In one of the crew’s quarters, I had to take a photo of this area because of the chair on the right. If you recognize the shape and style of the chair, it’s also part of the set on The Big Bang Theory, one of my all-time favorite tv shows. It’s also part of the interior look at Barnes and Noble too, but I don’t think the William G. Mather or Barnes and Noble would sell that chair at a reasonable price.
Notice how the crew member’s quarters are smaller and tighter than the guest’s quarters.

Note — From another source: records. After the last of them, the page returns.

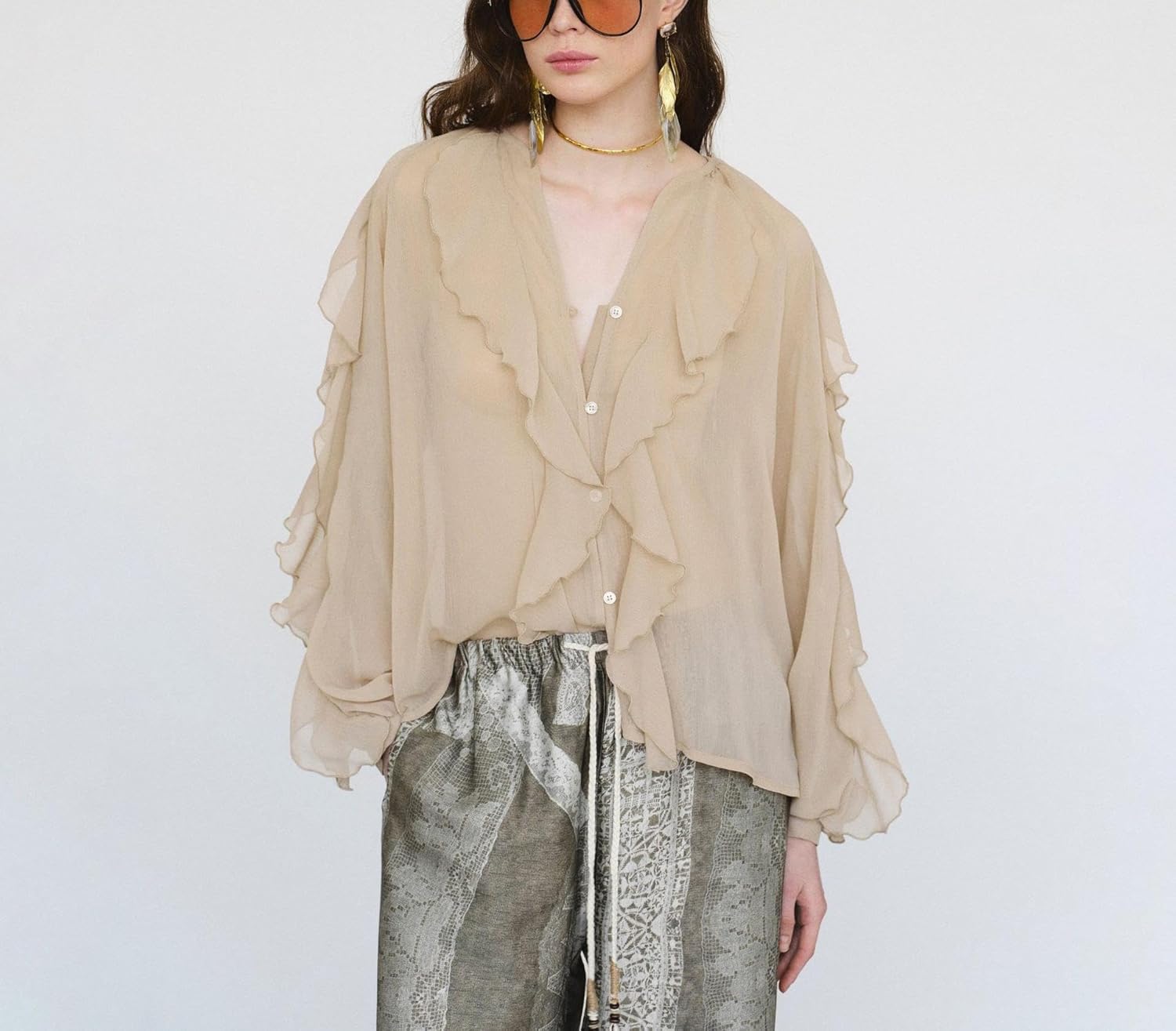 Womens Ruffle Chiffon Blouse Trendy Semi Sheer V Neck Top Long Sleeve Button Down Oversized Shirts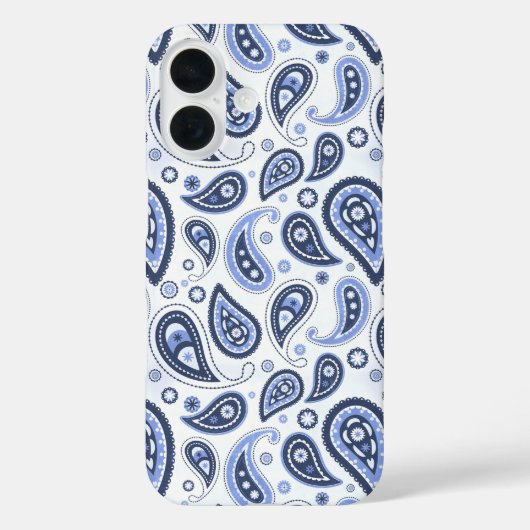 Blauw paisley patroon Case-Mate iPhone case (Achterkant)
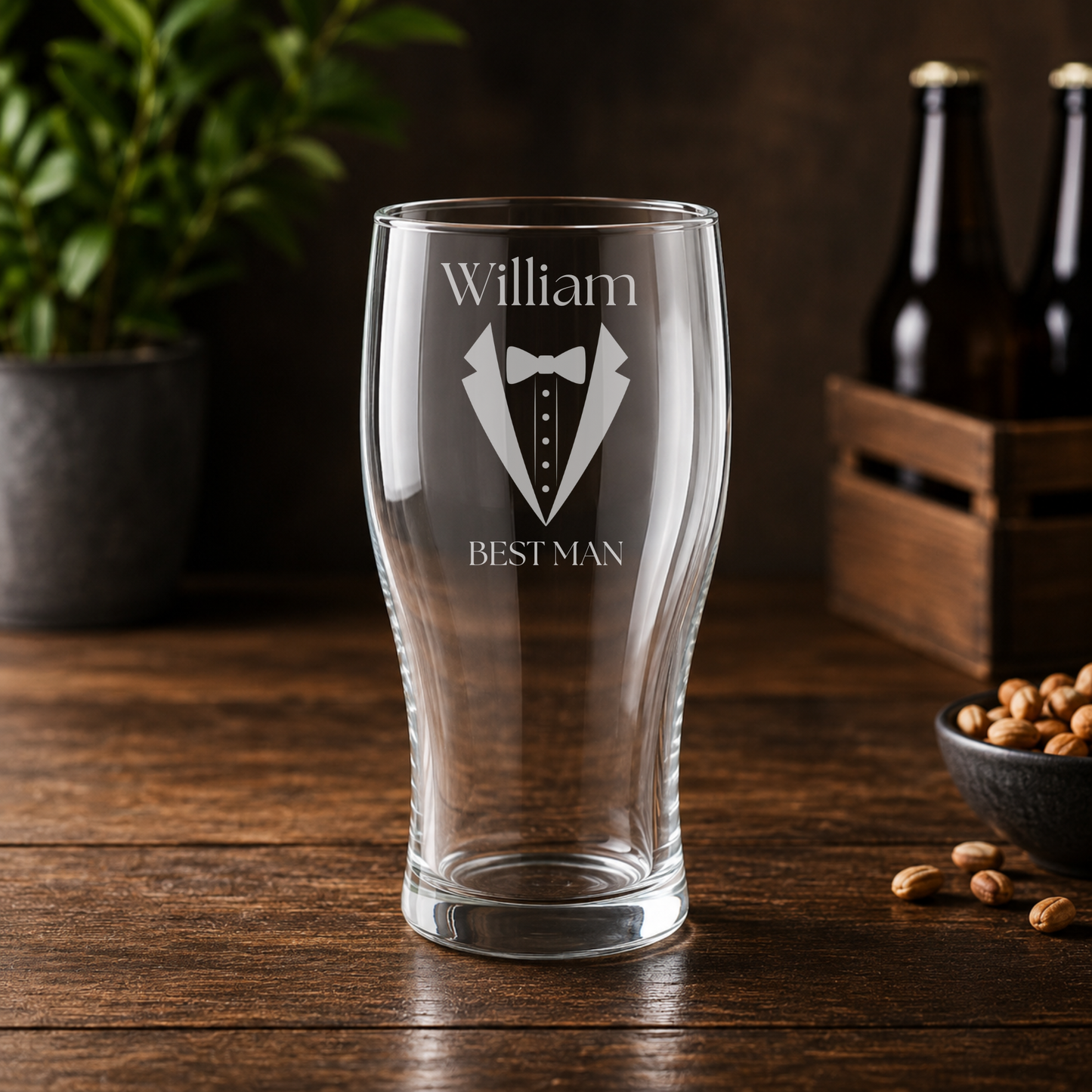 Personalised Engraved Best Man Pint Glass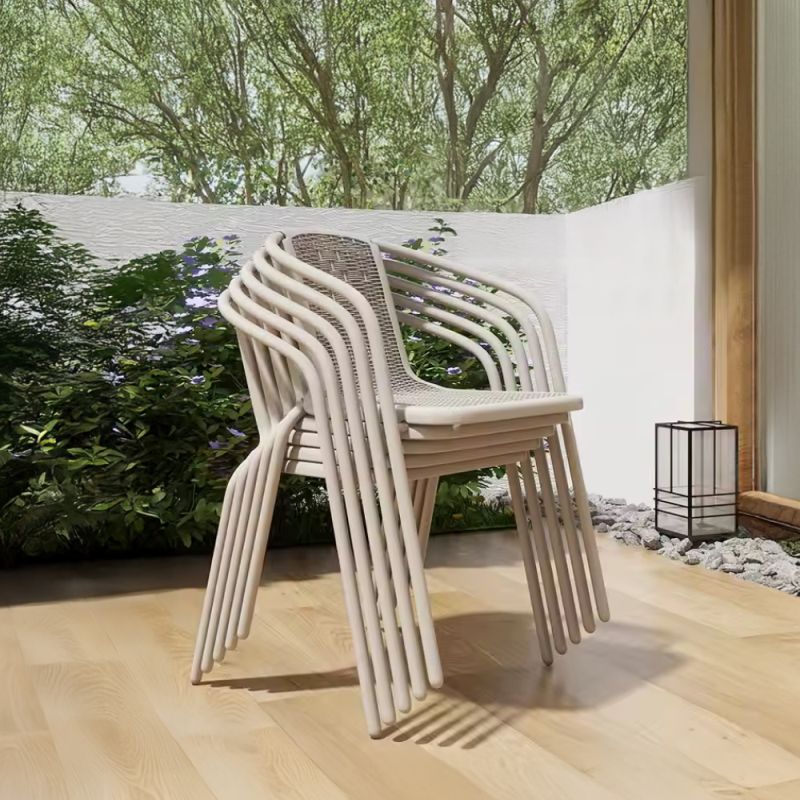 Záhradná stohovateľná stolička, oceľ-plast, champagne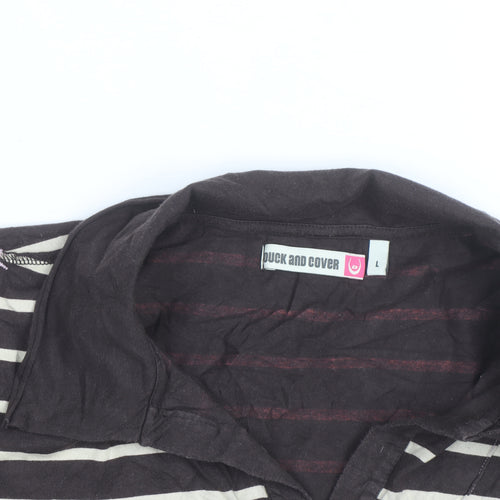Duck and Cover Women's Brown Striped Polo Shirt L Cotton Blend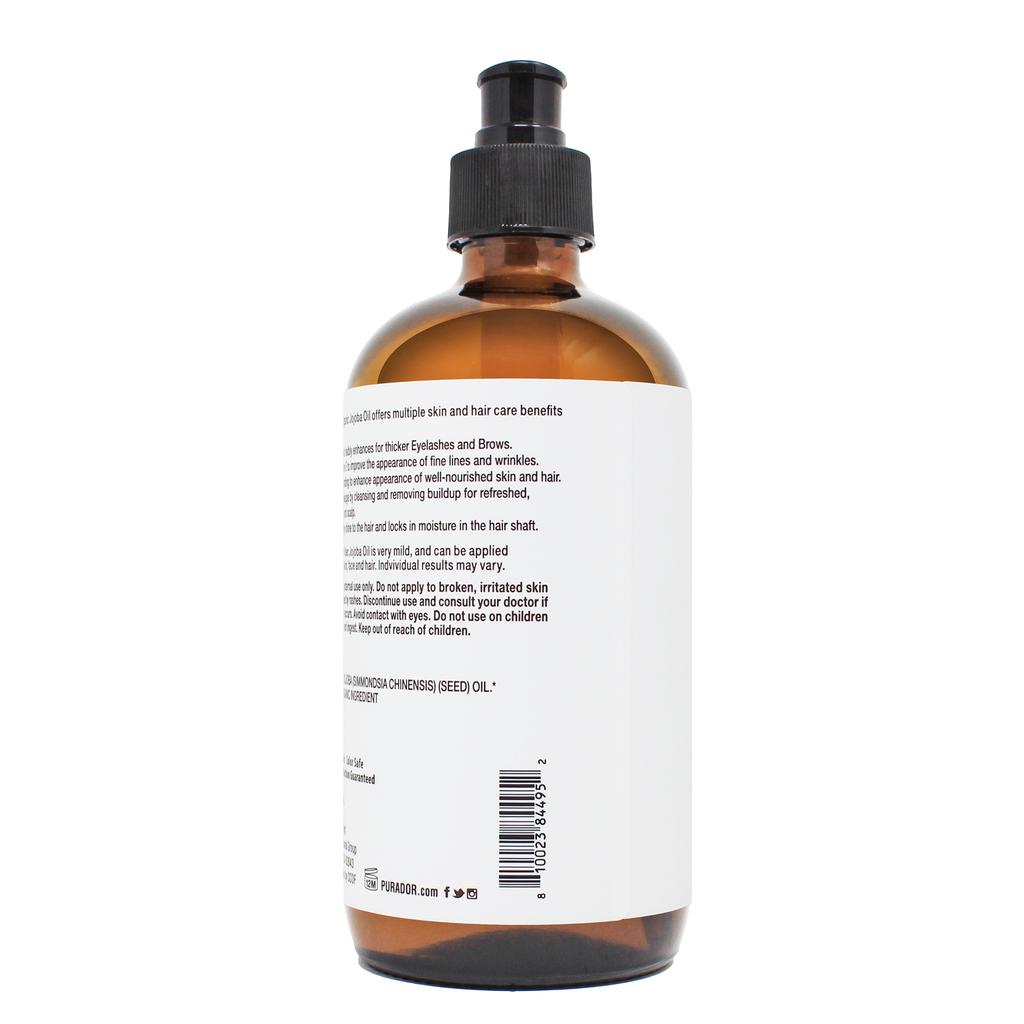 Organic Jojoba Oil - 100% Pure and Natural 16.9oz - Glass Bottle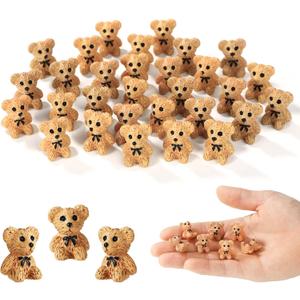 30pcs Mini Resin Teddy Bear, Cute Miniature Teddy Bears Plush Doll Tiny Animals Small Bears Perfect Decoration Accessories for Car Fairy Gardens Birthday Wedding Favor Party Dollhouse(Brown)
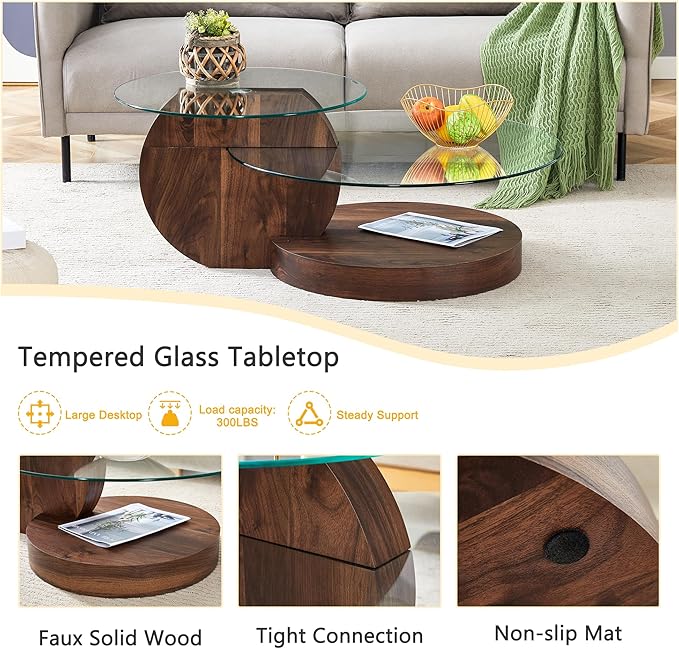Glass Coffee Table, Modern Round Glass Coffee Table with Wooden Base, 3 Tier Round Coffee Table, Clear Cocktail Table with Storage for Living Room, Office, Balcony (42″ Walnut)
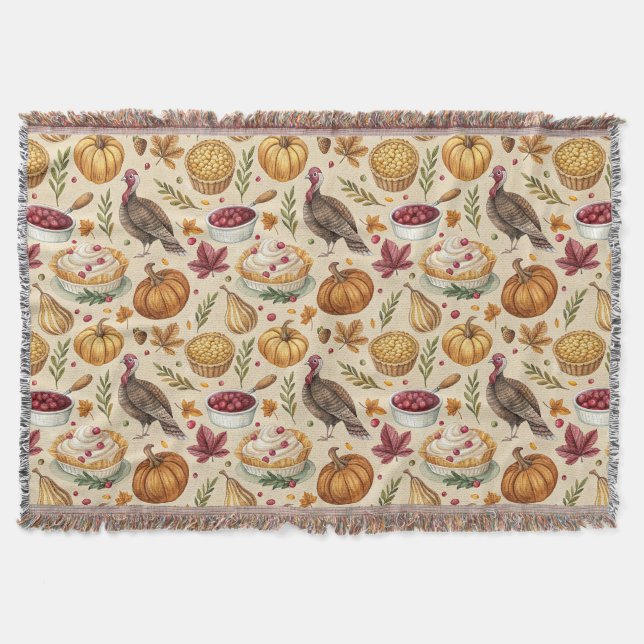 Vintage Thanksgiving Harvest Pattern | Rustic Fall Throw Blanket (Front)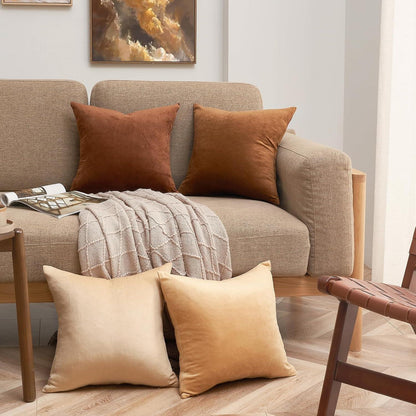 Topfinel Kissenbezug 40x40 braun Samt 4er Set deco Sofakissen Zierkissen 40x40cm flauschig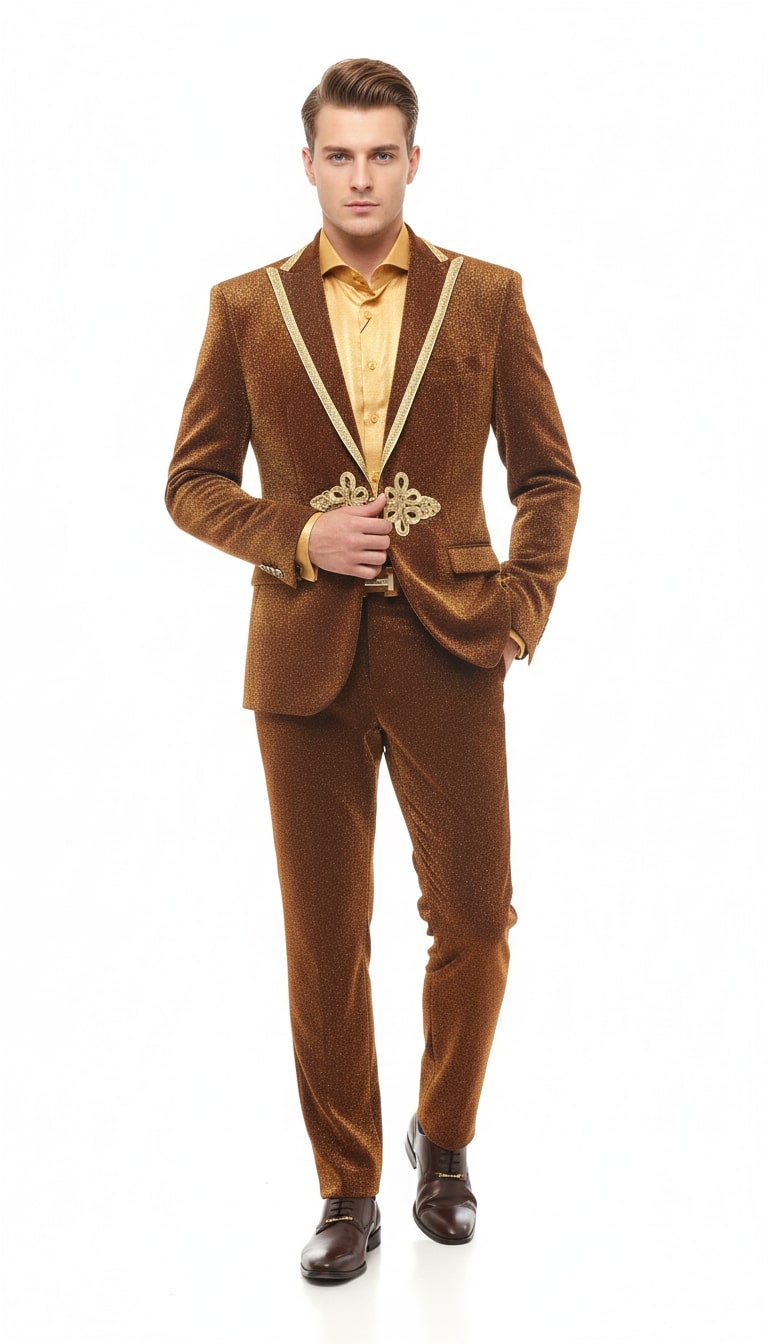 Mens Bronze Shiny Velvet Suit – Designer Party and Wedding Wear Blazer and Pant Set Brown and Gold Tuxedo - S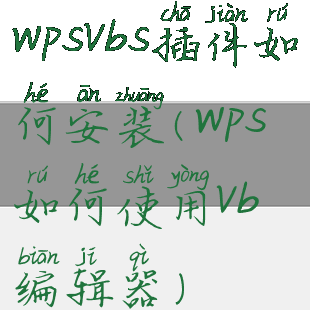 wpsvbs插件如何安装(wps如何使用vb编辑器)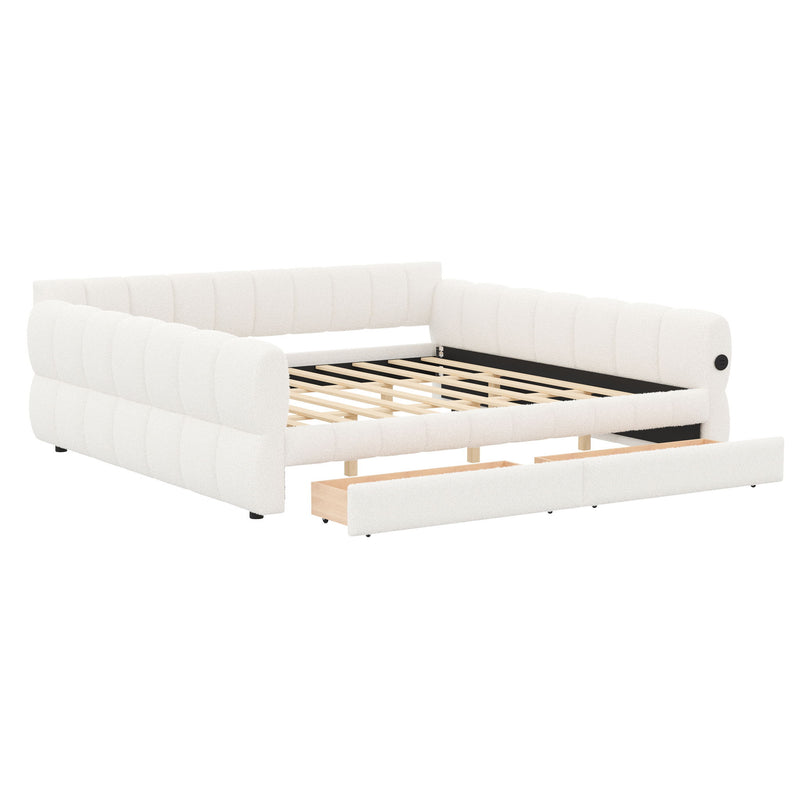 Upholstered Platform Bed With USB Charging And 2 Storage Drawers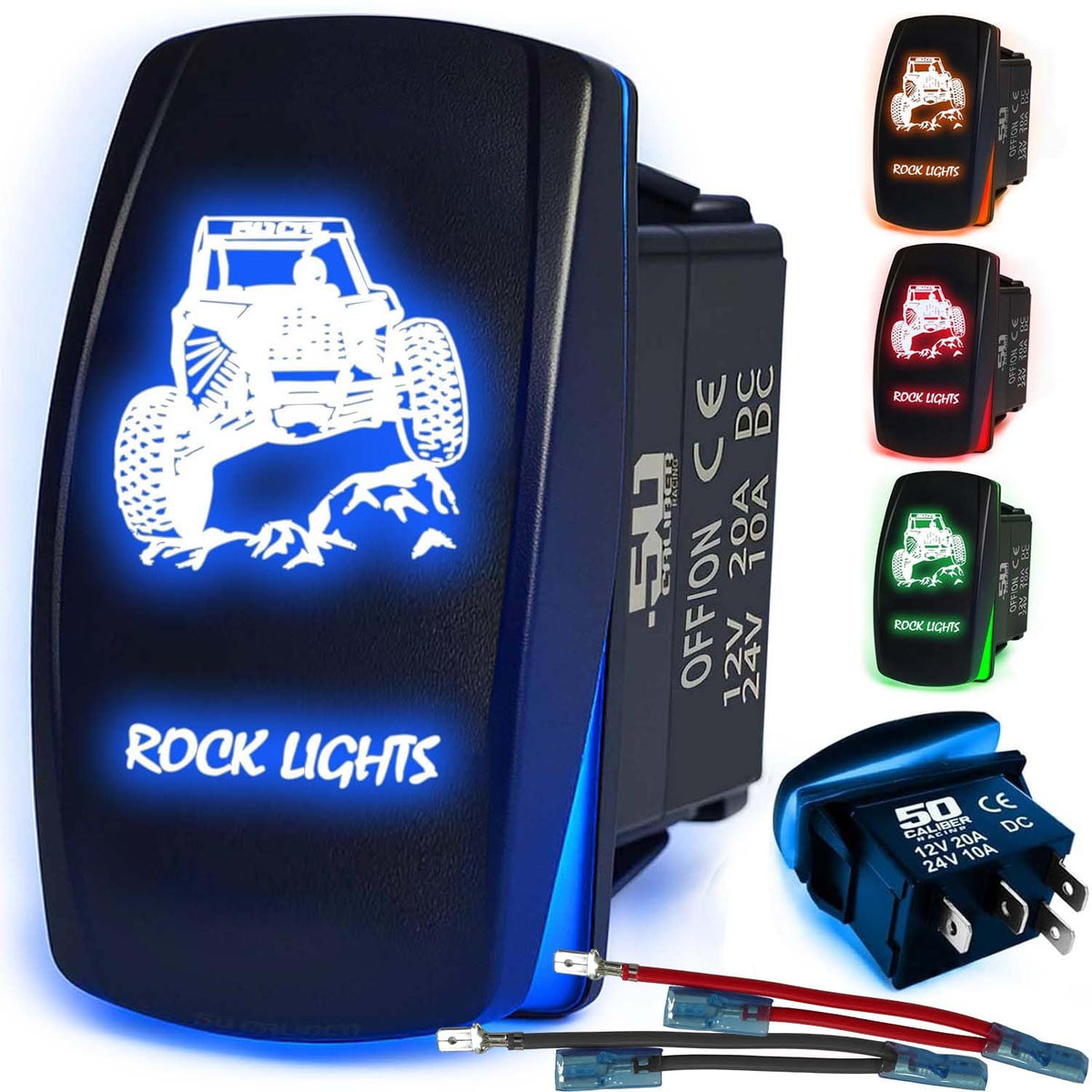 Waterproof Funny Rocker Switch 12v ON/Off, LED Backlit with Etched Design w/Toggle Switch 12v - UTV, Auto, Boat 20A Variation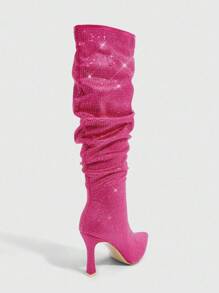 CUCCOO SZL 女士尖头高跟紫红色皱纹水钻装饰性感及膝靴，适合夜总会、派对、聚会，粉色 - 玫紅色 - 查看 6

The crew’s corridors aren’t adorned with floor to ceiling wooden wall paneling but with a light green painted metal look. It’s very reminiscent of the walls at the Battleship Texas.
Guest’s Dining Room
Each group of people – special guests (like William G. Mather himself and other company executives) to officers and lower level crew members – stayed in separate areas. You can tell the differences at various eating locations on The Wiliiam G. Mather. Special guests used fancy china and silverware in the guest dining room.
This was one of the few rooms where we could walk around in the space. Shhh…don’t tell the museum staff, but I think one of the kids might have pushed a fork out of place.
Officer’s Dining Room
Officers assigned to the steamship dined here. This meant the captain, chief engineer, mates, and assistants certified by the U.S. Coast Guard dressed in their uniforms and dined separately from other guests. I can imagine a sea-version of Downton Abbey, where the Crawley’s dressed every night for dinner. Can’t you imagine a seaside tv series of an overt drama mingling relationships between shipmates and guests?
In the ship’s kitchen, a steward, second cook, and two porters worked in the galley. They worked long eight-hour shifts to prepare meals for everyone on board. It reminded me of a throw back 1950s kitchen with the light avocado color scheme. There even looks like a large Kitchen Aid mixer at the back of the photo below.
The galley included an electric stove, refrigerator, ice cream freezer (yum!), dishwasher, and deep fat fryer. These must be modern conveniences added later, as an ice cream freezer must have been a luxury in those days.
The galley crew dined here separate from the rest of the crew, which reminded me of how the service staff of Downton Abbey also ate in the lower level of the estate, away from the Crawley family. Although onboard the steamship, the galley was adjacent to the officer’s dining room.
(Photo Above: Don’t pay any attention to the modern tv situated above the kitchen Galley’s eating area.)
Auxiliary and emergency equipment, such as a life raft, life preservers, and even an emergency steering wheel, are stored at the boat deck.
Apparently 25 people could sit on a life boat should the need arise to vacate the steamship.
Who knew one needed an emergency steering wheel?
The Engine Room
Before we left, we visited the engine room. According to the museum’s information panel, between 1925 to 1954, the William G. Mather was powered by a quadruple expansion, reciprocating steam engine. But by 1954, a steam turbine repowered the ship, improving the engine’s efficiency and increased its power capacity. Staff personnel stood watch in four-hour shifts. I imagine that one would only be able to withstand the incredible amount of heat and humidity levels for only short periods of time.
Isn’t the length of the cargo ship incredibly long? It was quite a walk from one end to the other, and the walk back was doubly long by late afternoon. We soaked up more maritime culture on this trip, and hope to find more to visit in the future.